A Medical Device Daily

At the EuroPCR conference being held in Paris this week, Medtronic (Minneapolis) reported that preliminary demographic data from its e-Five international registry confirms that the Endeavor drug-eluting coronary stent is being implanted in a broad spectrum of patients during routine clinical practice.

Chaim Lotan, MD, co-principal investigator of the registry and head of the Hadassah University Hospital Heart Institute (Jerusalem), presented the data during a Medtronic-sponsored symposium at the meeting.

The 8,000-patient prospective, multicenter study includes patients with diabetes, tortuous calcified lesions, and small blood vessels.

The registry is designed as an “all comers” trial to assess the safety of the Endeavor stent at more than 200 sites in Europe, Asia, Australia, and other locations outside the U.S., with a primary endpoint of major adverse cardiac events (MACE) at one year. The study has enrolled about 2,500 patients thus far.

Lotan reported that physicians implanting the stent as part of their normal, everyday practice have been successful in delivering the stent to the lesion 99.5% of the time.

The Endeavor stent is made of a cobalt alloy and has a unique modular architecture designed to enhance deliverability, the company said. Lotan also reported that about 35% of these patients are afflicted with diabetes and that small vessel sizes – those 2.25 to 2.75 mm in diameter – account for 42% of the total Endeavor stents implanted in the registry to date.

“These are important findings because it indicates physicians are comfortable using the Endeavor stent in a wide variety of cases on an everyday basis,” he said. “Based on this early look at the data, especially the high delivery success rate, implanting physicians can have confidence that the Endeavor stent will perform well in many types of cases, whether they are routine or in patients with complex medical conditions.”

The average stent length in the registry is 17.6 mm, with 1.4 stents implanted per patient. In addition, more than 35% of the patients had a previous myocardial infarction and 33% had unstable angina at the time of the stent implant. The company said it will present additional results from the registry in the fall.

The Endeavor drug eluting coronary stent received CE mark approval in late July 2005 and is now available in more than 85 countries around the world but has not been approved for use in the U.S.

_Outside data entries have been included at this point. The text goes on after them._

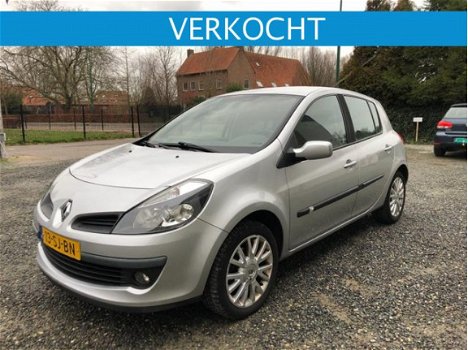 Renault Clio - 1.6 16V Dynamique Comfort AUTOMAAT - 1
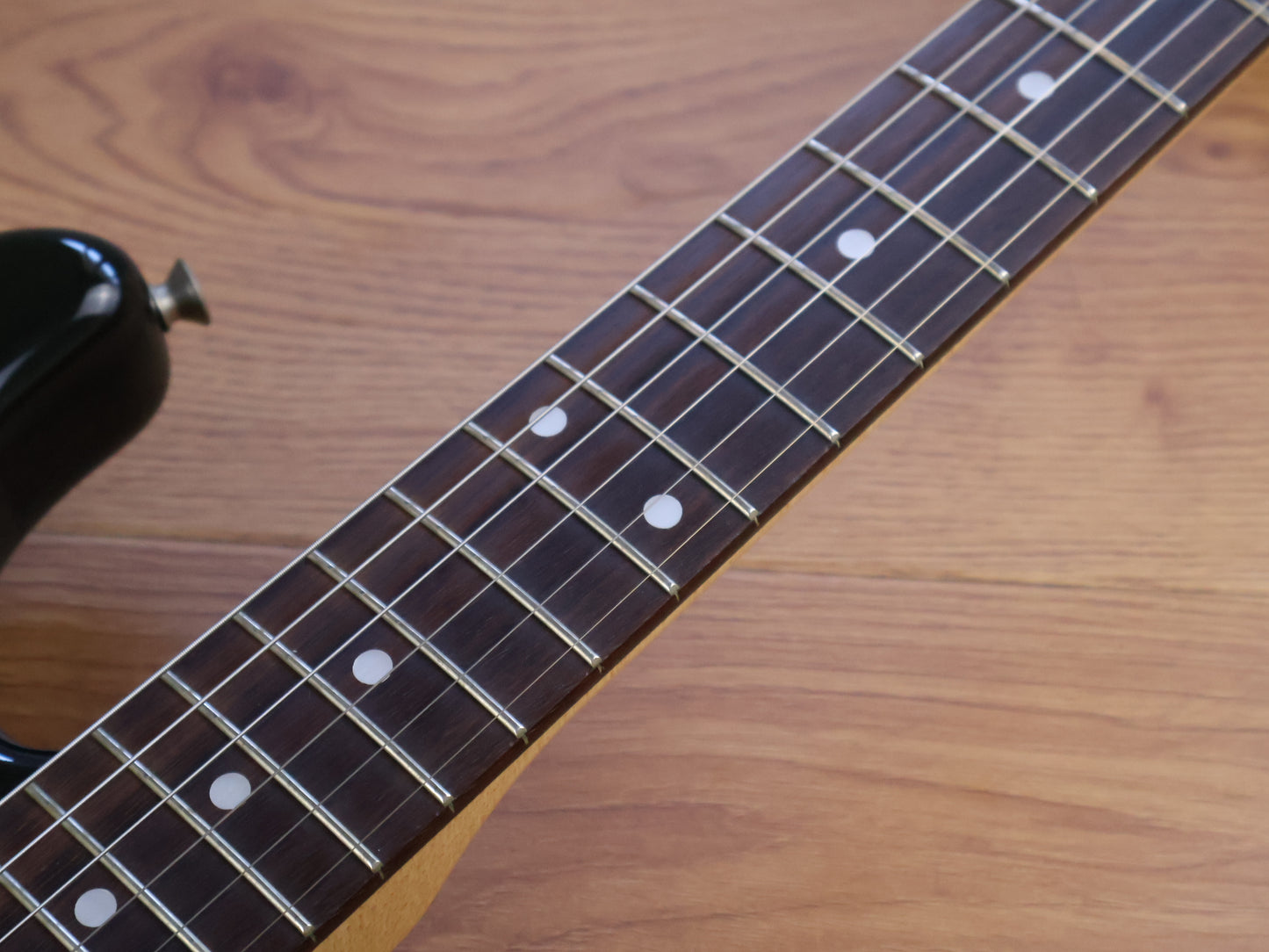 1992 Squier Japan SST-33 "Silver Series" Stratocaster (Blueburst Fotoflame)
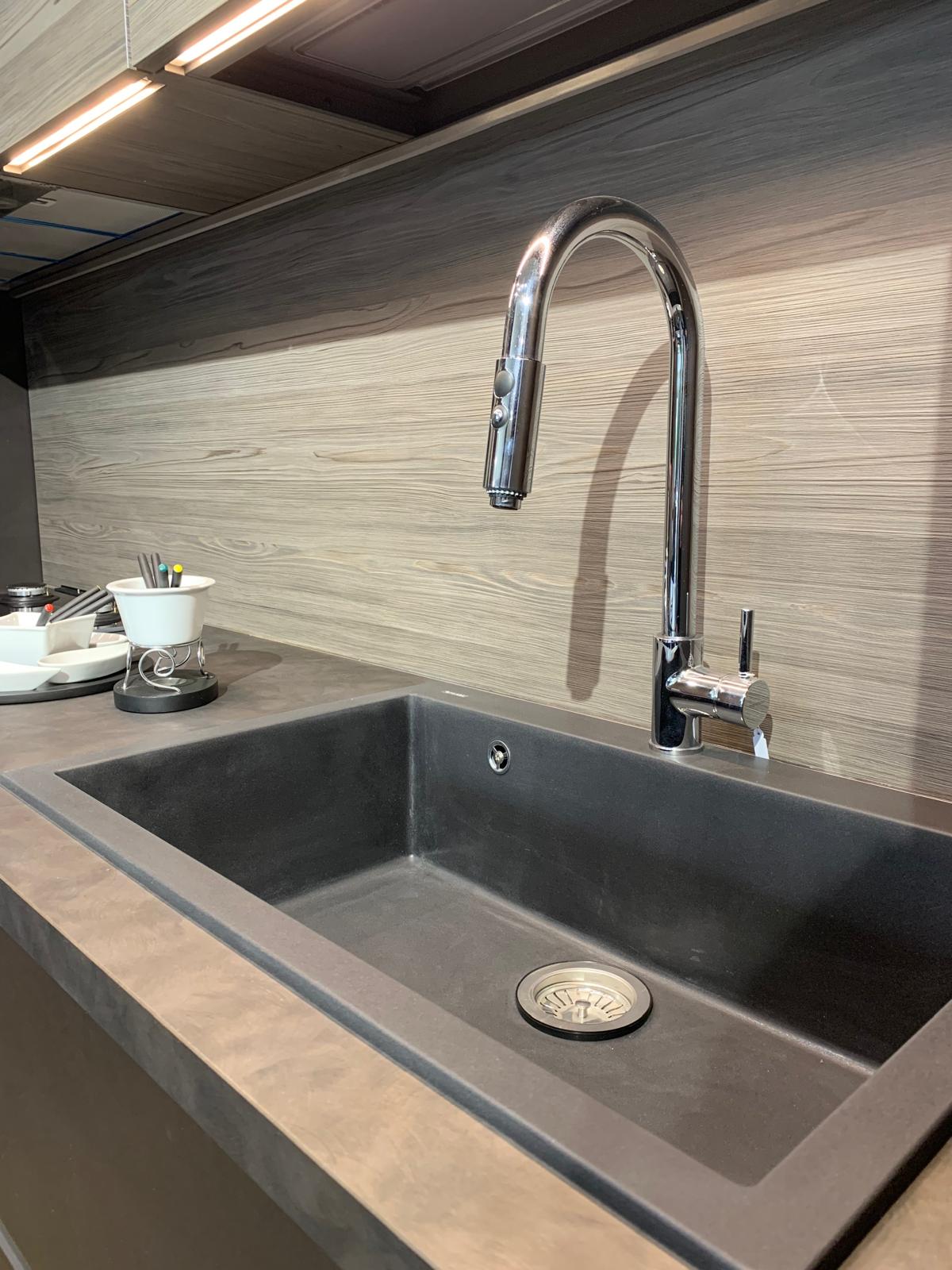Cucina modello rebel UP DESIGN L355cm P60cm - AR-TRE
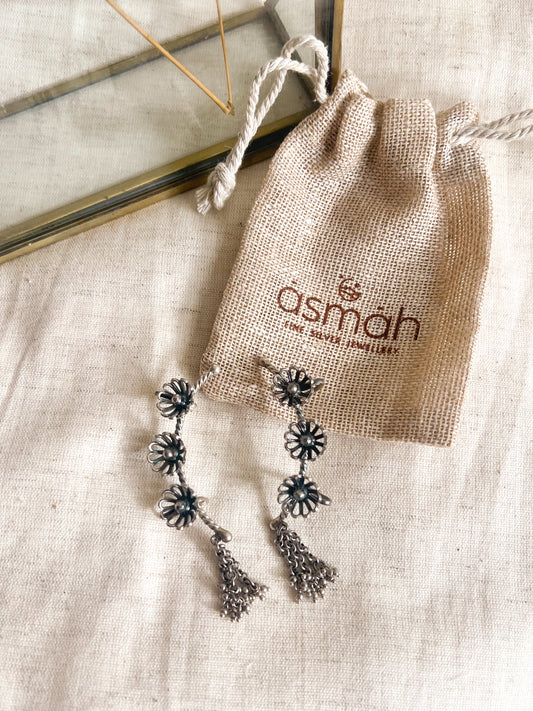 Nirvi earcuffs in silver with with chain danglers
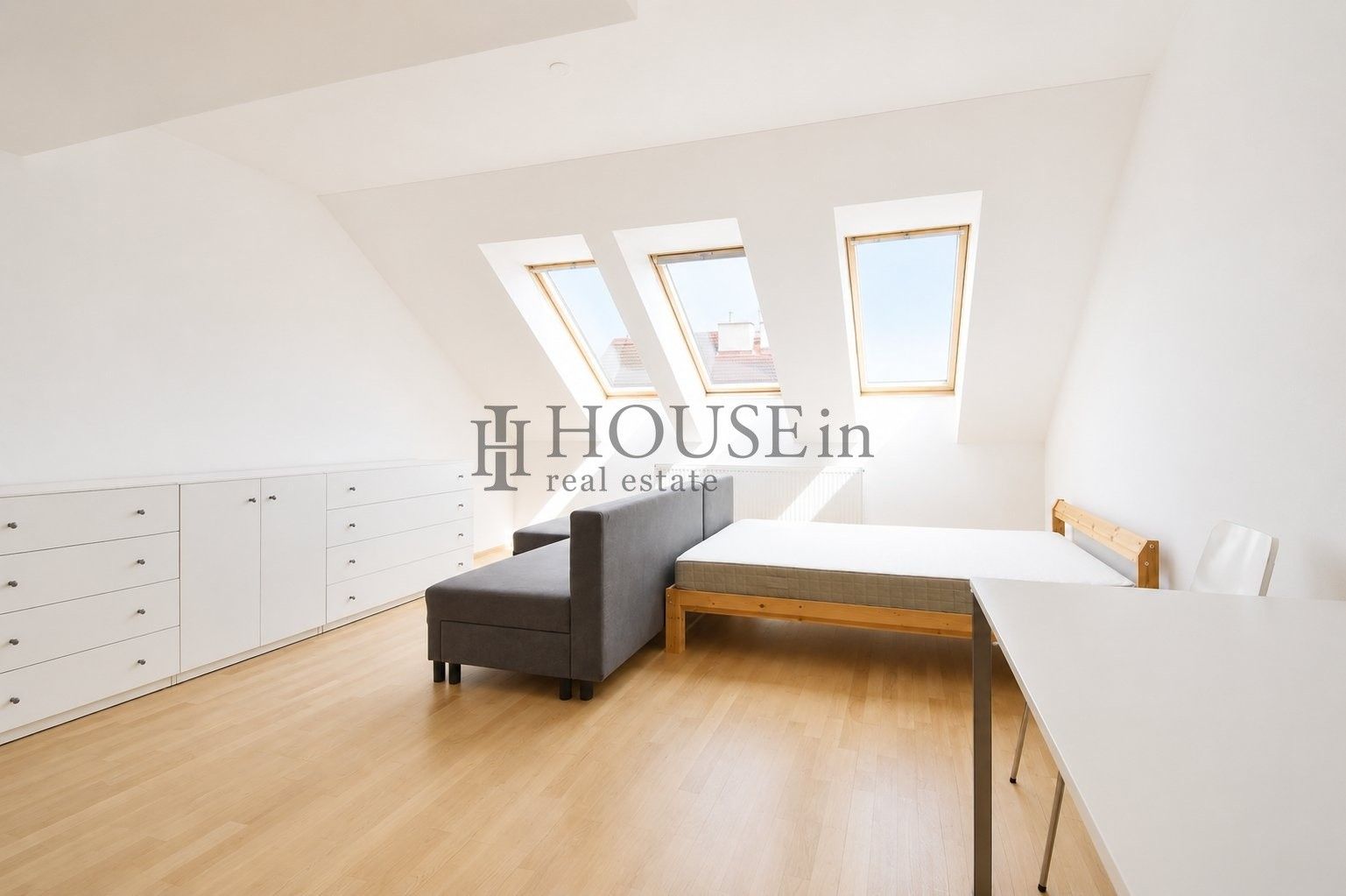 1+kk, Kamenická, Praha, 37 m² - 1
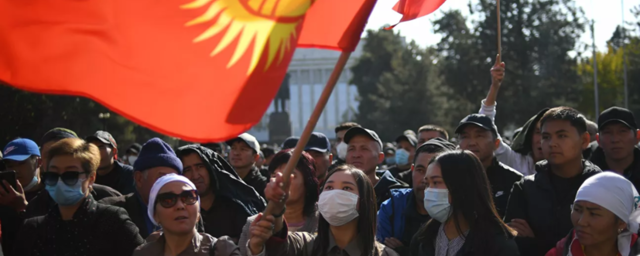 В Киргизии назначили досрочные президентские выборы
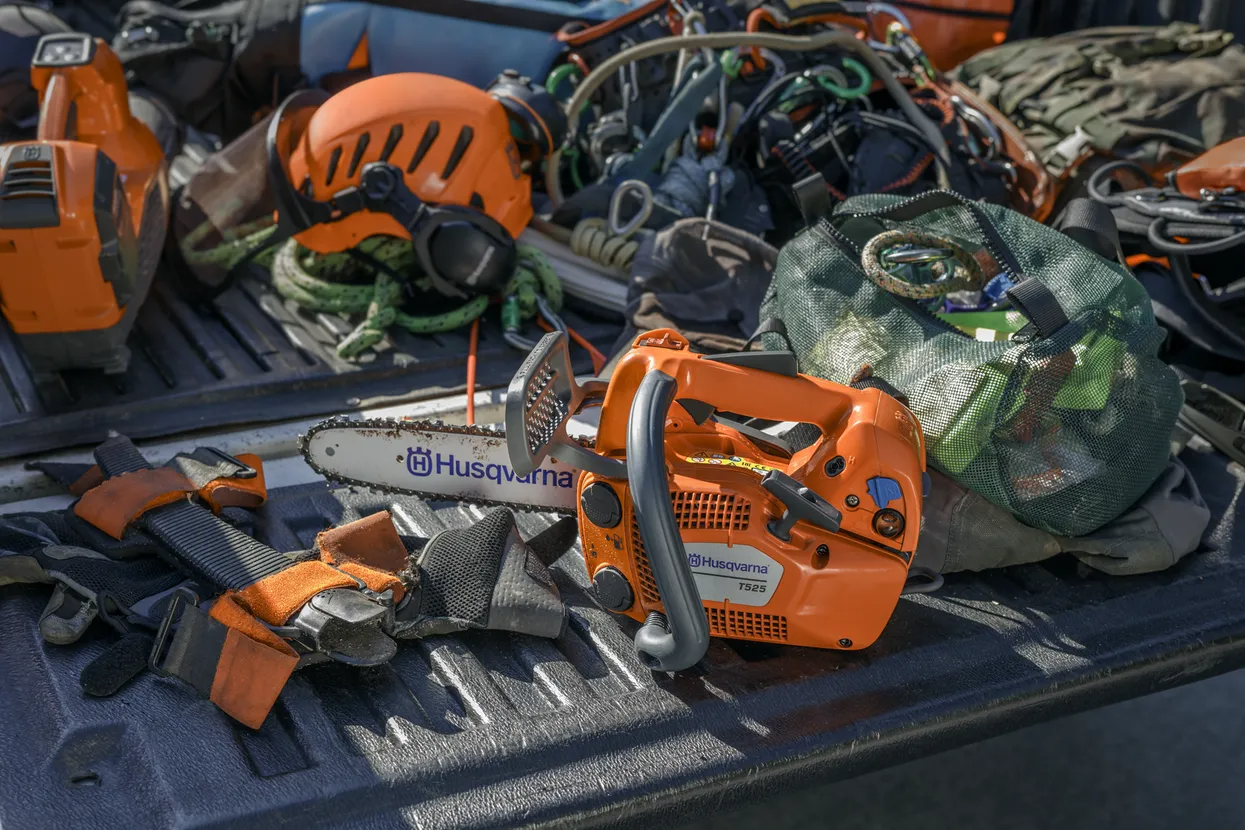 Husqvarna T525 Chainsaw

The company filed its first premarket approval (PMA) module with the FDA in October 2005, and said it remains on track for PMA approval in calendar year 2007.

In other EuroPCR news, Boston Scientific (Natick, Massachusetts) reported that a peer-reviewed medical journal affiliated with the Paris Course on Revascularization called EuroIntervention, has released an integrated analysis that it said further supports the strong performance of the Taxus paclitaxel-eluting coronary stent system for the treatment of coronary artery disease in diabetic patients.

In the analysis, the diabetic patients who received a Taxus stent system had significantly lower rates of restenosis and repeat interventions than those who received a bare-metal stent.

According to the authors of the analysis, a number of mechanistic factors may contribute to the observed Taxus stent benefit. They state that the unique mechanism of action of paclitaxel, the drug used in Taxus stents, supports their conclusion of emerging evidence of the excellent efficiency of Taxus stents in insulin-dependent diabetics.

The study is the first to use an integrated analysis of randomized data to examine aggregate results in a lower frequency but higher-risk diabetic population.

Four TAXUS clinical trials (TAXUS II, TAXUS IV, TAXUS V and TAXUS VI) were included in the analysis, involving a total of 3,445 patients with coronary artery stenosis, 814 of whom had diabetes.

Assessments of lesion characteristics showed that diabetic patients on average had more complex lesions than did non-diabetic patients. While diabetes has been identified as a strong predictor of restenosis after implantation of bare-metal stents, the angiographic and clinical results of this integrated analysis with similar outcomes independent of diabetic status suggest a significant advantage of the Taxus stent system in diabetic patients, including the high-risk insulin-treated subset.

The pooled clinical trial results at nine months reported a target lesion revascularization (TLR) rate of 5.4% in non-diabetic patients in the Taxus group and a TLR rate of 5.8% in diabetic patients (insulin-treated) in the Taxus group.